Wallace recorded the same four ballads about ship wrecks from a traditional ballad singer, Bobby McMillon, during two sessions held 5 months apart.... At the level of exact words recalled, there were 29 word substitutions preserving meaning; 4 changes in prepositions, pronouns, or articles that had only a slight effect on the meaning, and 2 changes in verb tense. There were 7 cases of words present in one version, but absent in the other. These cases, which had little effect on the meaning, were a, and, as she, just, only, said, and sweet. There were also four pairs of lines that differed in a way that changed the meaning. For these, the first session's alternatives are shown in brackets and the second session's alternatives are shown in parentheses.

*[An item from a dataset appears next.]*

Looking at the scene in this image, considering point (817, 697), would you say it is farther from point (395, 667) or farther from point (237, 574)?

There was another ship [and it sailed upon the sea] (in the North Amerikee)
And it went by the name of the Turkish Revelee

She had not sailed far over the [deep] (main)
[Till a large ship she chanced to meet] (She spied three ships a sailing from Spain)

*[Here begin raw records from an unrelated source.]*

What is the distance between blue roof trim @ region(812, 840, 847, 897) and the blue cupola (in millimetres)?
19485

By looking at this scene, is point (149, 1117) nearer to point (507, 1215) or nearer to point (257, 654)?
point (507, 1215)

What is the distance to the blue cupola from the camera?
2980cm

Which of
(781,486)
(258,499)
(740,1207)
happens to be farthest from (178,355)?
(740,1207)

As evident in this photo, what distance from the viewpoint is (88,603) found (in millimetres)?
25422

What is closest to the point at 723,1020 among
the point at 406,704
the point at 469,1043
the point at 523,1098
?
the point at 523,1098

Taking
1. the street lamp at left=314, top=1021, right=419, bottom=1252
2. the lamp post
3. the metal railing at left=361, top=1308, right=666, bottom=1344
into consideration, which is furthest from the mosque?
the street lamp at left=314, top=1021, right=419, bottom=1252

Her boat [against the rock she run] (she run against the rock)
[Crying alas I am undone] (I thought my soul her heart is broke)

Go and dig my grave [don't cry don't weep] (both wide and deep)
Place [marble] (a stone) at my head and feet

- David C. Rubin, Memory in Oral Traditions
To fill a Gap
Insert the Thing that Caused it
Block it up
With Other and 'twill yawn the more
You cannot [Solder an Abyss] (Plug a Sepulchre)
With Air
- Emily Dickinson

Emily Dickinson's fascicles make tidy manuscript pamphlets, ready to post to your local small press, save for one idiosyncrasy. (Not counting spelling and dashes —) Small crosses are inserted in some lines. At the bottom of the page, matching crosses prefix variant words or phrases.

Early critical orthodoxy took them as eccentric attempts at revision. Even given, though, that Dickinson had no training as a proofreader, plus-signs and footnotes seem vague. Were the additions second-thoughts-best-thoughts? Or contemplated changes for a second edition, but still carrying less weight than the consummated originals? What about the doubled or tripled second thoughts? What's their weight class?

Over time and a lot of heat, more scholars have shifted to admitting that Dickinson's priorities are undecidable.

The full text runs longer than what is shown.